Несомненно, эти авторы, а в особенности Нигрен, выяснили
некоторые очень важные вещи. Труд шведского ученого об Эросе
и Агапе показал с великолепной четкостью неустранимое своеобразие
иудео-христианской традиции в отношении ко всем формам эллинистической
религиозной мысли. Однако, по тому определенному вопросу, который
нас сейчас занимает о мистике и Израиле
взгляды, приведенные выше, кажутся нам безнадежно искаженными из-за
некоторых незаметно в них вкравшихся софизмов.
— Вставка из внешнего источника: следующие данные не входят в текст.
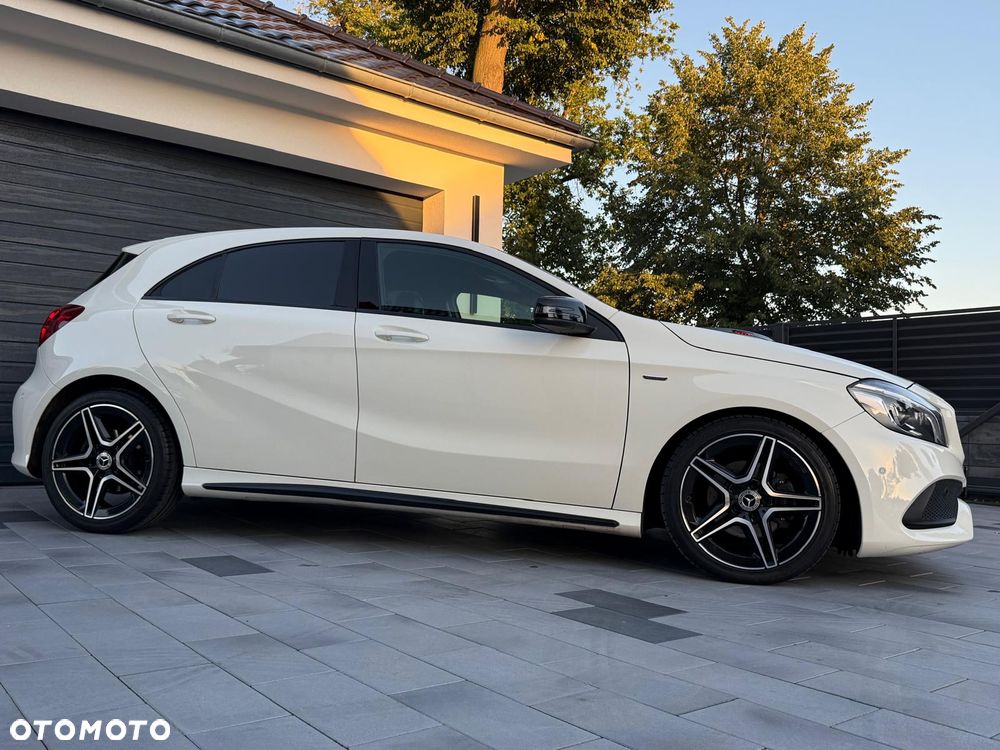 Mercedes-Benz Klasa A 180 (BlueEFFICIENCY) 7G-DCT AMG Sport - 34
> Уже в 1928 г., глубокий моралист и психолог, англиканский
епископ Оксфордский К. Кэрк, в своей книге "Боговидение",
отметил больше чем сомнительность некоторых доводов, выдвинутых Гейлером
для превознесения активности пророков, противопоставляемой им
эллинскому мистицизму.{} Действительно, насколько
произвольно и можно даже сказать легкомысленно
приписывать скрытый или явный эгоизм всякому, кто "желает
Бога", настолько же сомнительны и бескорыстие и альтруизм
такой молитвы, которая стремится только к преобразованию мира
с помощью Бога. Исключительное подчеркивание этой стороны религии
приводит, вольно или невольно, к тому, что в Боге начинают
видеть уже только источник энергии, подлежащий использованию. Но,
справедливо отмечает англиканский ученый, дойти до этого
значит оказаться вовсе не на высотах еврейской религии, а по
сути дела скатиться назад к грубейшим иллюзиям первобытного суеверия.
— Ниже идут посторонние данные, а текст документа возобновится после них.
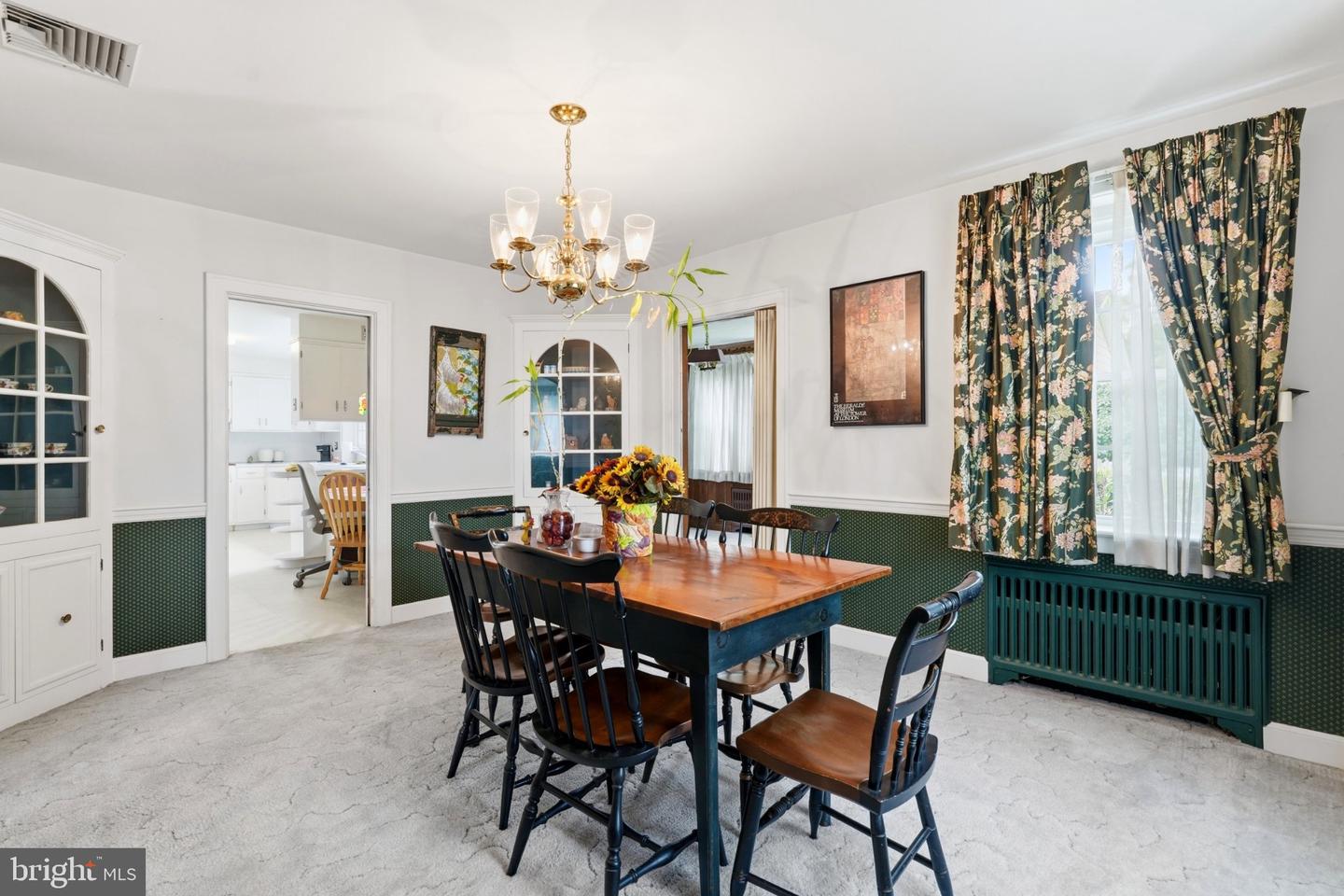 421 Park Ave Property Photo 16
Бесспорно, эманационный пантеизм греческой мысли может, путем вредных
соединений, разрушить понятие о Боге в одно и то же
время трансцендентном и личном, которое составляет самую сердцевину
библейского откровения. Но и утилитаризм такого рода, даже
в морализирующей оправе, подрывает это понятие не в меньшей
степени. Такой Бог, которым занимаются не ради Него самого, а только
ради получаемых от Него даров, автоматически снижается на уровень
ханаанских ваалов.
> Следовательно, истину невозможно охватить приведенными
нами схемами. Если относительно мистики придерживаться только самого
существенного, а именно: идеи единения с Богом, имеющего
свою цель, а вернее, свой смысл, в самом себе, то израильское
благочестие придется отнюдь не противопоставлять мистике, а напротив,
признать в нём постепенное вырабатывание мистики самого высокого
полета.
> Остается верным, что под выражение "единение с Богом"
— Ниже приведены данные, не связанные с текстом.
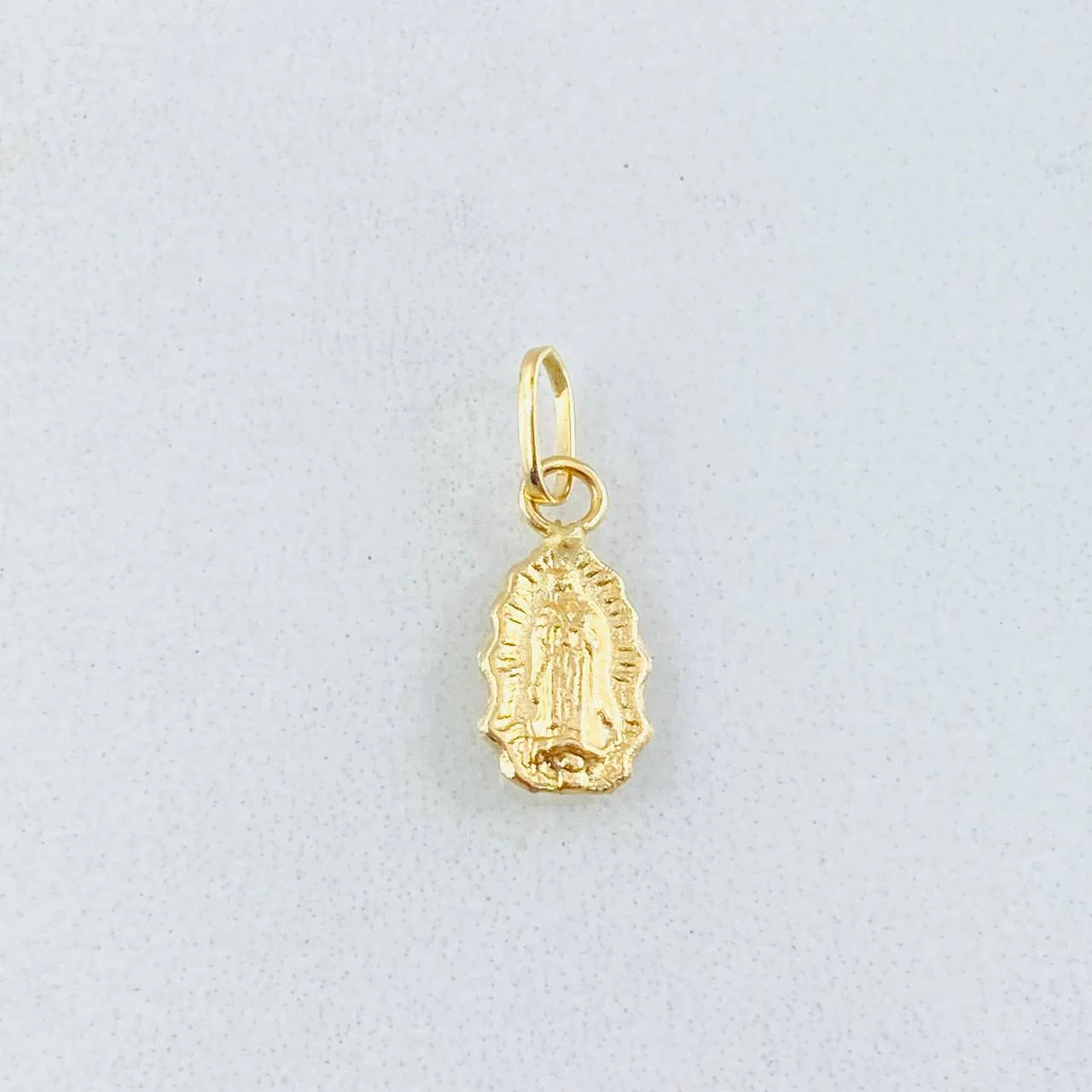 Dije Virgen de Guadalupe 0.2g / 1/2 in Oro Amarillo 18K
можно подводить весьма различные понятия. Их различия и как
бы их степень определяются тем, какое предварительное понятие имеется
при этом о Боге. Если под словом "Бог" подразумевают
безличную реальность, или такую реальность, личный характер которой
представляется второстепенным, то получится мистика пантеистическая
или приближающаяся к пантеизму и заключающаяся во взаимном
поглощении божества человеком и человека божеством. Скажем, что
тут и обнаруживается вечная опасность всей греческой или эллинизированной
мистики, где понятие "божественного" постоянно грозит
улетучить реальность Бога. Но всё же было бы совершенно несправедливым
видеть только это в эллинской мистике, и в особенности
в том неоплатонизме, замечательнейшим представителем которого
остается Плотин.{} И более чем несправедливым,
совершенно ошибочным было бы закрывать глаза на то, что существует
также вполне развитая мистика, ничего подобного в себе не содержащая
и раскрывающаяся на страницах самой Библии.